Our study has the following clinical implications. As the stroke risk increases in MS and NMOSD, more attention is needed for managing stroke risk factors along with disease control in patients with these conditions. Acute stroke in MS/NMOSD could be misdiagnosed or underdiagnosed due to the overlap of clinical symptoms and MRI features between relapse and stroke.38 However, early diagnosis is very important considering that hyperacute stroke management is crucial for a better prognosis, and reduced neural plasticity in the MS brain could lead to slow recovery following stroke.39 In the near future, studies should be pursued to determine whether the same primary and secondary preventive stroke treatment strategies can also be applied to patients with MS/NMOSD.

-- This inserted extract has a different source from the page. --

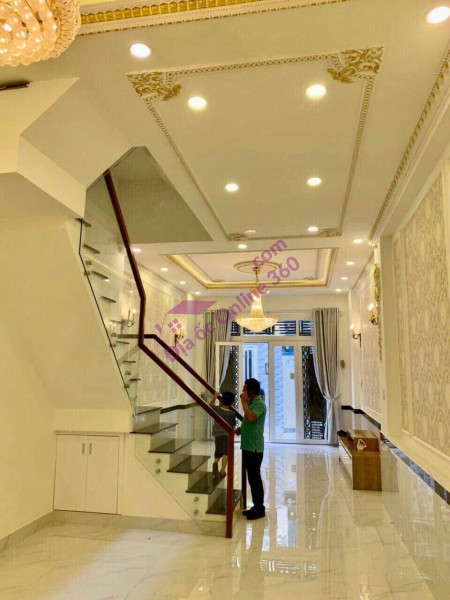 Bán nhà 3 tầng, HXH, Đường 49 Hiệp Bình Chánh, Diện tích 66m2, 4x156m nở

This study has several limitations. First, the antiaquaporin-4 antibody test for clinical use was approved by the Korean Ministry of Health and Welfare in 2015, but before that this test had only been done for research purposes. Therefore, patients who met the 2015 NMOSD diagnostic criteria may have been diagnosed somewhat later after the onset of the disease.16 In addition, the anti-MOG antibody test was not used clinically until October 2019 in Korea. A subset of recurrent MOGAD could be classified as seronegative NMOSD or MS. However, the seroprevalence of MOG antibodies was much lower than that of AQP4 antibodies in Korea,40 and the proportion of MOGAD cases based on MS or NMO code might be small. In addition, we speculate that their inclusion in the MS or NMOSD group would not increase stroke risk because MOGAD has a more benign clinical course than MS/NMOSD. Second, since our data were claim based, there was no information on disease activity, disease duration, severity of risk factors (hypertension, DM and dyslipidaemia), smoking, alcohol drinking, body mass index and physical activity, which might also affect the stroke risk. For example, smoking is associated with enhanced risk of both MS41 and stroke and can act as a potential confounder. Previous studies from a UK primary care database have considered smoking,2 3 but we could not due to lack of data. Third, drug use information was not fully considered in the data analyses. Systemic steroid use may increase the cardiovascular risk.42

We found that the stroke risk was 1.7-fold higher in patients with NMOSD than in a matched control population, which seems to be slightly lower than, but not statistically different from that in patients with MS (2.8-fold). Further investigations in MS and NMOSD could determine the pathophysiology of increased stroke risk and its potential sex differences.